The course cheating policy is based on the Carnegie Mellon University Policy on Cheating and Plagiarism. It is summarized by the quote below.

"It is the ethical responsibility of students to identify the conceptual sources of work submitted. Failure to do so is dishonest and is the basis for a charge of cheating or plagiarism, which is subject to disciplinary action."

The policies in this document apply to all forms of homework assignments, including reading summaries, software development, and written reports.

Original Work

Each student is responsible for producing his/her own original work. Homework assignments must be done individually. Students are not permitted to collaborate on homework assignments.

Students are not permitted to use in their homework assignments any material that was written by another person.

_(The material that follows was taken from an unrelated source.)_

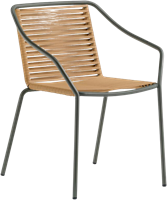 Philia 3905 - Stapelbare terrasstoel met armleggers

This policy applies to material on the course website, material on public websites such as Wikipedia, and material in public respositories such as Github. This policy applies whether the material was copied exactly, or copied and then transformed into a new form ("copy and modify"). The policy is simple: If you didn't write it, then don't use it.

Students also are not permitted to examine solutions to homework assignments written by other people. This policy applies to solutions written in previous semesters as well as the current semester. It does not matter whether a student copies the material for use in their own solution. Just reading someone's else's solution to a course assignment is considered cheating.

Duty to Protect One's Work

Students are responsible for protecting their work from misuse by other students. If a student's work is copied by another student, the original author of the work is also considered to be at fault and in violation of this policy. It does not matter whether the original author allowed the work to be copied or was merely negligent in preventing it from being copied. When overlapping work is submitted by different students, both students will be punished.

Students are explicilty prohibited from posting their software or other parts of their homework solutions to public repositories such as Github. Note that software used in the course is copyright by Carnegie Mellon University, thus posting it without permission is a copyright violation as well as an academic integrity violation.

This policy applies while the student is taking the course and after the student has completed the course. A student's responsibility for protecting their work does not end when the course ends. If a student shares their solutions after the course is over, he or she is guilty of an academic integrity violation.

What Is Permitted

Students may use ideas expressed in the instructor's slides or in material found on the Web, but the ideas must be expressed in the student's own words to demonstrate understanding of the topic. These ideas must come from general sources, not other people's solutions to homework assignments from this class or similar assignments in other classes.

Students should cite information sources whenever using ideas or information discovered outside of class (e.g., on the Web or in the library). A student is less likely to be accused of plagiarism or cheating when information sources are cited.

Students are permitted to discuss homework assignments, for example, to help others to understand software provided by the instructor, the automated software testing system, and the grading standards for reports. Students may discuss high-level design issues, the behavior of an algorithm, and their experience in implementing and debugging an algorithm.

Penalty

Plagiarism, copying, other forms of cheating, and other forms of academic integrity violations typically result in immediate failure of the course. The head of the student's degree program is notified. The department, college, and/or university may take additional disciplinary action.